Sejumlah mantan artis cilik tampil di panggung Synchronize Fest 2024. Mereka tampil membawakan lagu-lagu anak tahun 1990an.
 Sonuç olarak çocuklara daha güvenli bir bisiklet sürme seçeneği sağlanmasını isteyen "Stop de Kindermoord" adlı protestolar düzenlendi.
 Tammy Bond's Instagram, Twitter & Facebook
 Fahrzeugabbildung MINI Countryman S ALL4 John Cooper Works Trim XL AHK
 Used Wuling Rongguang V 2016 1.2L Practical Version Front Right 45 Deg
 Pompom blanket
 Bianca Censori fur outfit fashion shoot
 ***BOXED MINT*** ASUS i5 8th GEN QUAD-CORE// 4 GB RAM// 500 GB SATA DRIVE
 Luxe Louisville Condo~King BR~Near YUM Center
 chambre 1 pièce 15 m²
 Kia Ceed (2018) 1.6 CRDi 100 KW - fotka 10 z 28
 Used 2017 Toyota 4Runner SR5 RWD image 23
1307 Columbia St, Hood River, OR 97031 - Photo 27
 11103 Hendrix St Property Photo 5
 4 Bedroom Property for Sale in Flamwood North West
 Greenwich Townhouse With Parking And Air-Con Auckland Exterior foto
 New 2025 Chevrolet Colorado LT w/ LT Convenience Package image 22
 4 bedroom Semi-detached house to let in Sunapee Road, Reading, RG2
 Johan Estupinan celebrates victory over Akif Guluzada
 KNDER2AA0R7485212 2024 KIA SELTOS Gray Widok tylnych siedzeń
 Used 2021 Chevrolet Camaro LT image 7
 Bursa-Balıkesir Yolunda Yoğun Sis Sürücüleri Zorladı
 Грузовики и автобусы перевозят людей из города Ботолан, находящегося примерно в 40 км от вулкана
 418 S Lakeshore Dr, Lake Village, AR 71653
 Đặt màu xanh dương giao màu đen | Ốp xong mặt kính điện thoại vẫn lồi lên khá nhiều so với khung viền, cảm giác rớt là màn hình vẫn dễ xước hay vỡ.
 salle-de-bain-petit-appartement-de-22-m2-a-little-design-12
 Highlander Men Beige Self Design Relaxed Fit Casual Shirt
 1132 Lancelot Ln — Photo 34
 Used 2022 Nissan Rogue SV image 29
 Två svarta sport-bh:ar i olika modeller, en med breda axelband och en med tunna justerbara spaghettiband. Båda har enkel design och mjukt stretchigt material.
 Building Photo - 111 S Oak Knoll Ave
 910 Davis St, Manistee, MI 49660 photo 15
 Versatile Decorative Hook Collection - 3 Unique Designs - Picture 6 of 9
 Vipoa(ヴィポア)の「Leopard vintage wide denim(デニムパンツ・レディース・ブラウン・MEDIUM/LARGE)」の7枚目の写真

Assignment.
Output the material above exactly, but only from the line that carries "Used 2021 Chevrolet Camaro LT image 7" through the line that carries "418 S Lakeshore Dr, Lake Village, AR 71653".

Your solution.
 Used 2021 Chevrolet Camaro LT image 7
 Bursa-Balıkesir Yolunda Yoğun Sis Sürücüleri Zorladı
 Грузовики и автобусы перевозят людей из города Ботолан, находящегося примерно в 40 км от вулкана
 418 S Lakeshore Dr, Lake Village, AR 71653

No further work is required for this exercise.